Franz Lederer wird am 25. November 50 Jahre alt. Der verheiratete Vater einer Tochter und eines Sohnes stammt aus Mattersburg, wo er auch als Postler arbeitete. Erst nach ein paar Jahren als verantwortlicher Coach der Profis endete seine Karenz, seither ist er hauptamtlich Fußball-Trainer.

Fußballer

Franz Lederer spielte im Mittelfeld von Mattersburg bis hinauf in die Regionalliga Ost. Danach begann er als Trainer zu arbeiten, unter anderem in Marz und Wiesen. Nach dem Aufstieg in die Erste Liga kam er als Co-Trainer zum Bundesligateam. Seit 20. November 2004 ist er Cheftrainer.

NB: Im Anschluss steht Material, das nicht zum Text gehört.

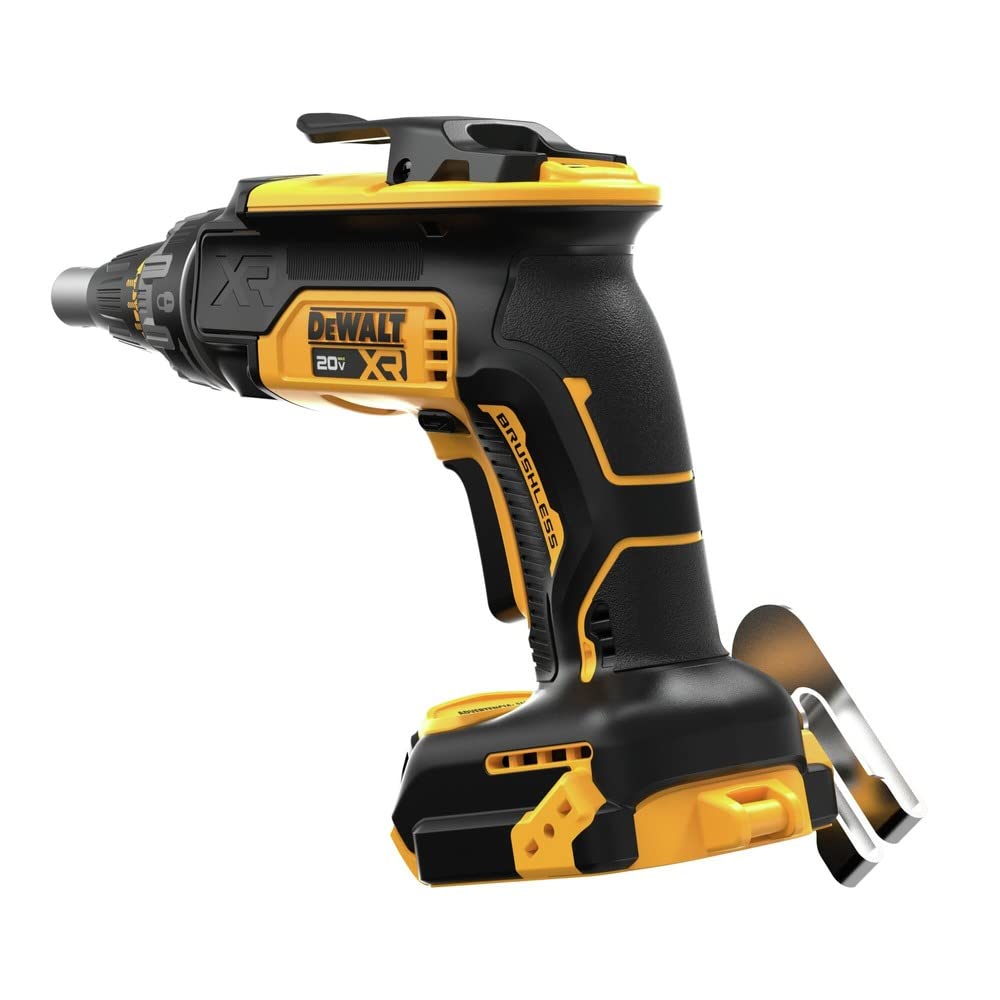 DEWALT DCF630B compact design reduces operator fatigue on job sites.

Österreichischer Rekordler

Ivica Osim coachte zwischen 1994 und 2002 Sturm Graz in 297 Bundesligaspielen. So lange war noch nie ein Trainer bei einem Klub. Franz Lederer stellt am Sonntag den Rekord ein, er ist seit 20. November 2004 im Amt, im internationalen Vergleich aber nur Kurzarbeiter.

Alex Ferguson ist seit 6. November 1986 bei Manchester United.

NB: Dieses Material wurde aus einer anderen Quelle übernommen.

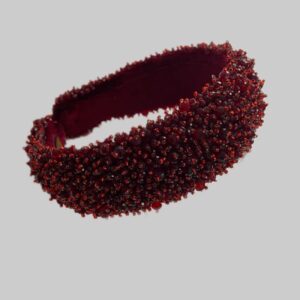 Fashion Beaded Headband for Weddings & Parties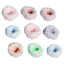 < Pluscloth > Bộ 3 quả bóng giảm căng thẳng – Đồ chơi Fidget chứa đầy hạt có thể đúc để chơi lo âu Giải thưởng lớp học Quả bóng bóp di động cho trẻ em Người lớn Đông Nam Á Căng thẳng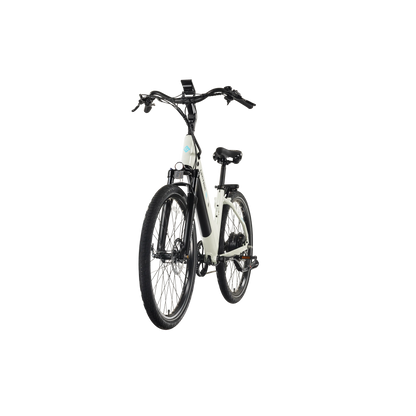 XPress2 Stratus White Cruiser eBike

Ronnie McFall ist seit 1. Jänner 1987 bei Portadown.

Jomo Sono ist seit 1. Juli 1994 bei Jomo Cosmos.

Arsene Wenger ist seit 30. September 1996 bei Arsenal.

David Jeffrey ist seit 4. Jänner 1997 bei Linfield.

Thomas Schaaf ist seit 9. Mai 1999 bei Bremen.

Marbella hatte neun Trainer in einer Saison

Verschleiß Atletico Marbella aus Spanien verbrauchte in der Saison 1994/95 neun Trainer und stieg trotzdem in die dritte Leistungsstufe ab.

Mehr als 40 Jahre auf der Trainerbank

Rekordmänner Fred Everiss war vom 1. August 1902 bis 31. Mai 1948 in 1520 Spielen Trainer von West Bromwich. Er kümmerte sich in diesen 46 Jahren aber auch um administrative Angelegenheiten. Der englische Klub führte erst nach seinem Abgang offiziell den Job des Trainers ein. Guy Roux kam 1957 zu Auxerre, wurde 1961 Trainer der ersten Mannschaft. 2005 verabschiedete er sich nach 44 Jahren. Insgesamt kam er auf mehr als 2000 Spiele als Auxerre-Trainer.

Ein Trainer machte auf 55 Stationen halt

Weltenbummler Der Deutsche Rudi Gutenberg (86 Jahre) machte zwischen 1946 und 2003 weltweit auf 55 Trainerstationen halt.

Für zehn Minuten auf der Trainerbank

Minusmann Leroy Rosenior wurde am 21. Mai 2007 als Trainer des englischen Fünftligisten Torquay United vorgestellt. Um 15.40 Uhr gab der Klubchef bekannt, dass er die Mehrheit verkauft habe. Dem neuen Besitzer passte der Trainer nicht, der dazu meinte: „Ich denke, ich habe in den zehn Minuten einen guten Job gemacht.“

Ein Trainer hörte elf Mal vorzeitig auf

Rekordflieger Peter Neururer stand bei 13 Profivereinen auf der Lohnliste. Mit elf von ihnen beendete er das Arbeitsverhältnis „in beiderseitigem Einvernehmen“ vorzeitig. Der 57-jährige Deutsche erlitt 2012 einen Herzinfarkt, arbeitet derzeit als Spielerberater, will aber wieder Trainer werden.

Ein Trainer flog nach der 37. Verwarnung

Geduldsprobe Imraan Ladak, Chef von Kettering Town aus der sechsthöchsten englischen Spielklasse, feuerte am 5. Dezember 2005 Paul Gascoigne nach protokollierten 37 Zwischenfällen. Gascoigne war nur 39 Tage lang Trainer gewesen.